Jonge ouderen willen en kunnen op vele manieren een bijdrage leveren aan de samenleving, maar lopen nog te vaak vast om dit te realiseren. Ze, worden niet (meer) aangesproken op hun mogelijkheden. 

Zij worden soms zelfs gehinderd door wet- en regelgeving, zoals het pensioenbeding in cao’s bij de wens om door te blijven werken, of korting op een aanvullende inkomensvoorziening ouderen (AIO) als ze iemand in huis willen nemen om voor te zorgen. 

Potentieel van deze grote groep verzilveren  

De Raad adviseert bedrijven, maatschappelijke organisaties en overheden om het potentieel van deze grote groep te verzilveren.
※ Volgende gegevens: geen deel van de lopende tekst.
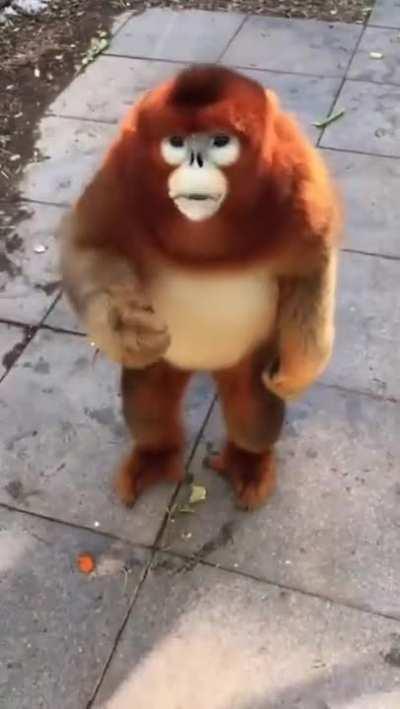 He's pretty cute ngl..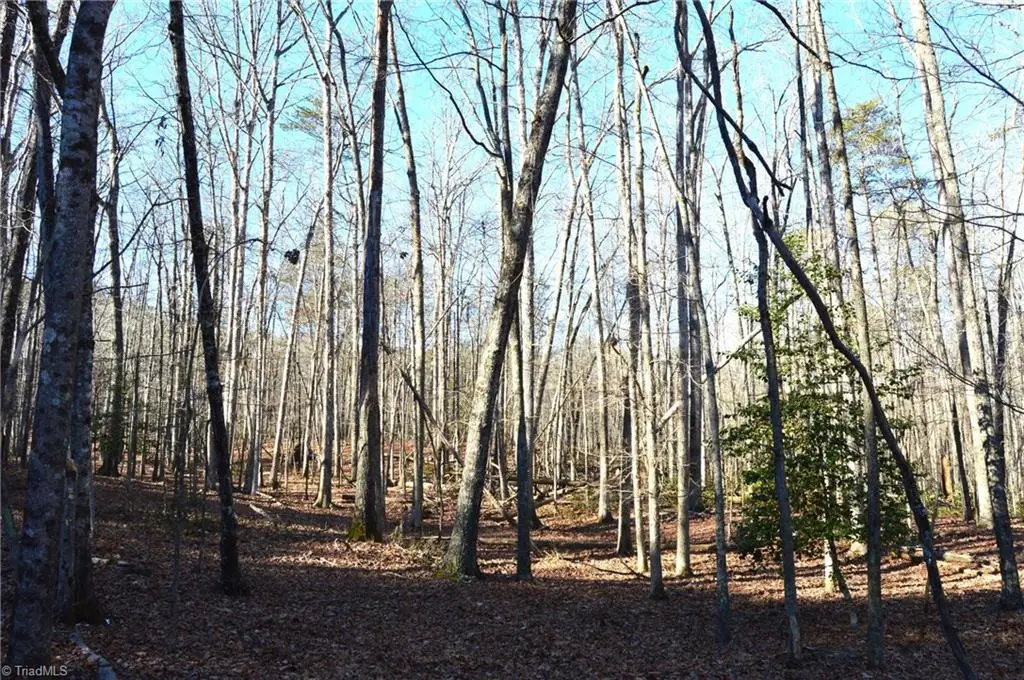 1010-1372 Hanging Rock Park Road, Danbury, NC 27016 - #1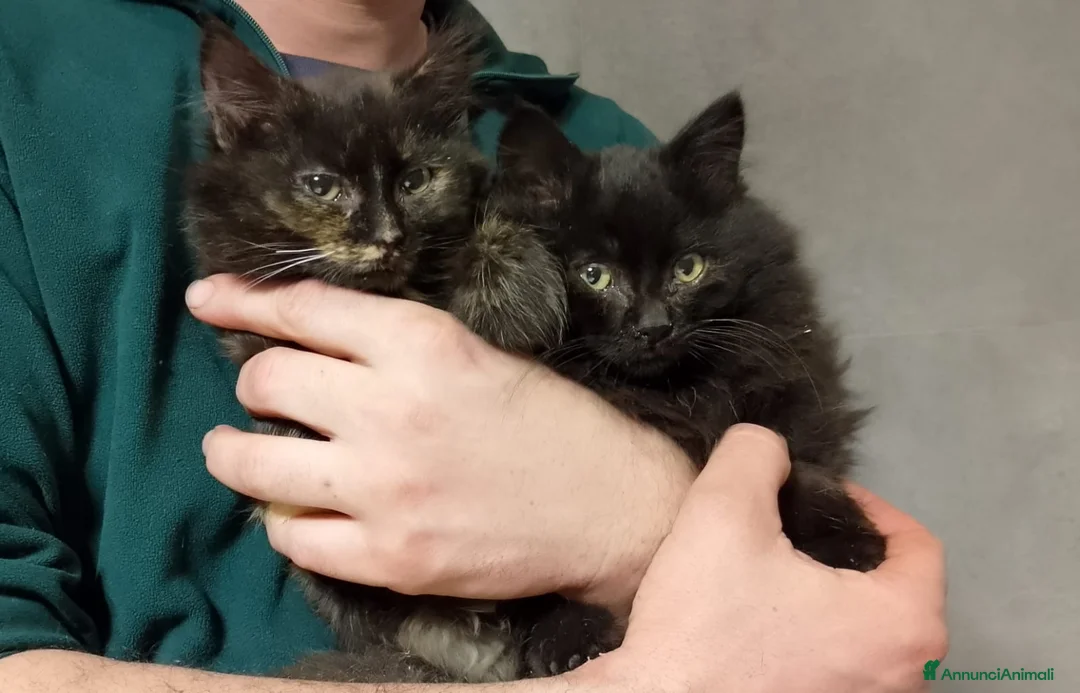 Europeo gatti in regalo: Maschietto e femminuccia di due mesi - Annuncio 4
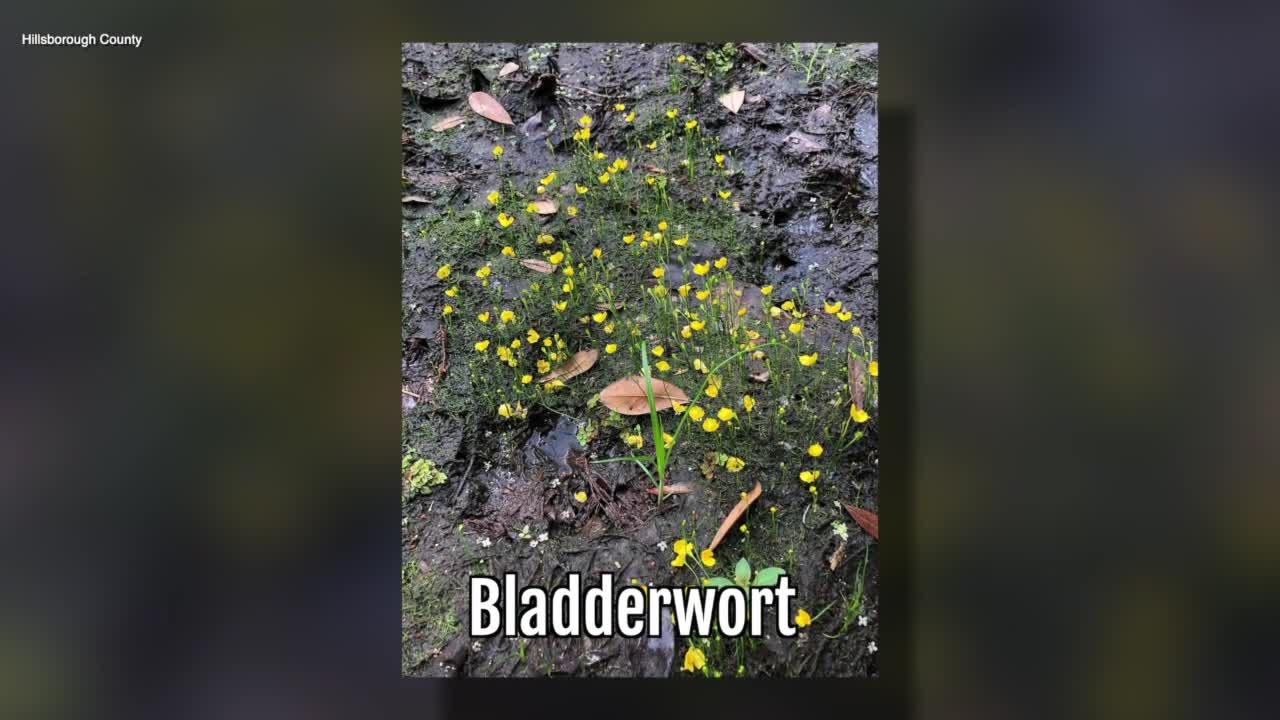 Bladderwort | Sarah's Walking Club Fall Scavenger Hunt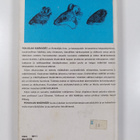 Lauri Siivonen : Pohjolan nisäkkäät = (Mammals of Norther... - pikkukuva 2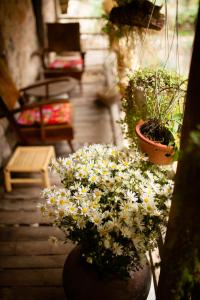 May Linh Homestay Ban Gioc Waterfall - Cao Bang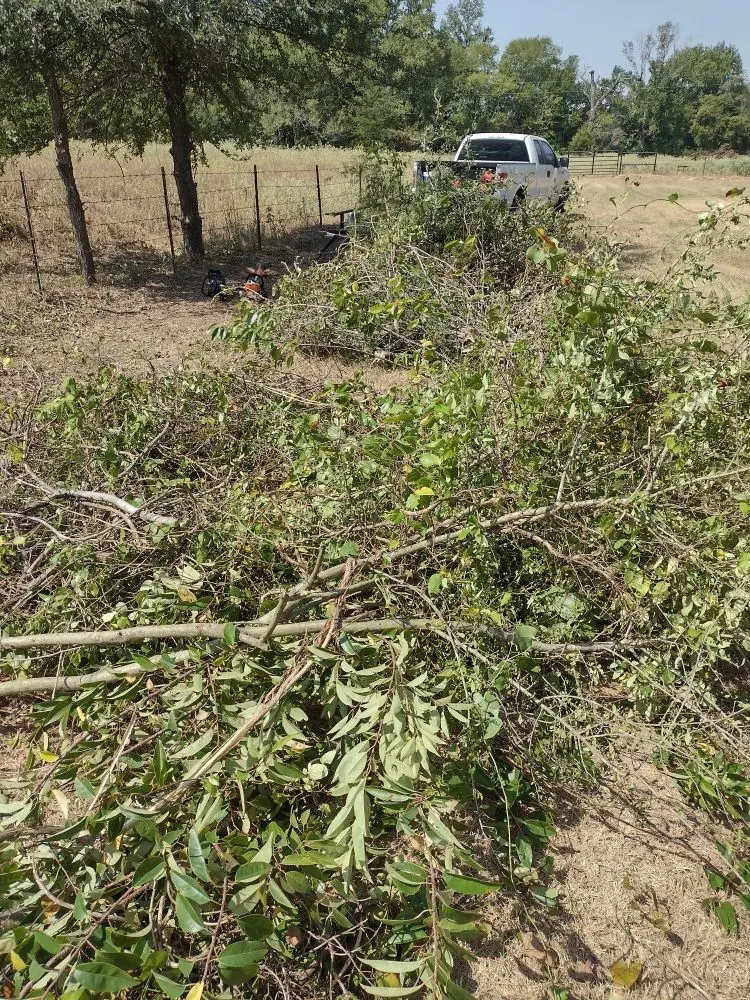 Expert lawn mowing service experts serving Grand Saline, TX - Countryside Landscaping Pro’s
Dat betekent volgens het advies met name inzetten op generatiebewust beleid. 

Bijvoorbeeld door het faciliteren van mogelijkheden om in de derde levensfase nog (deels) te blijven werken. Op dit moment wordt de inrichting van de derde levensfase vooral gezien als een individuele zaak, en dat is een gemiste kans.

Steeds meer werkende 65-plussers in VK

Overigens speelt dit vraagstuk niet alleen in Nederland. Zo kwam de Britse overheid in december met de prognose dat de werkgelegenheidsgroei in het Verenigd Koninkrijk de komende tien jaar voor de helft voor rekening zal komen van 65-plussers.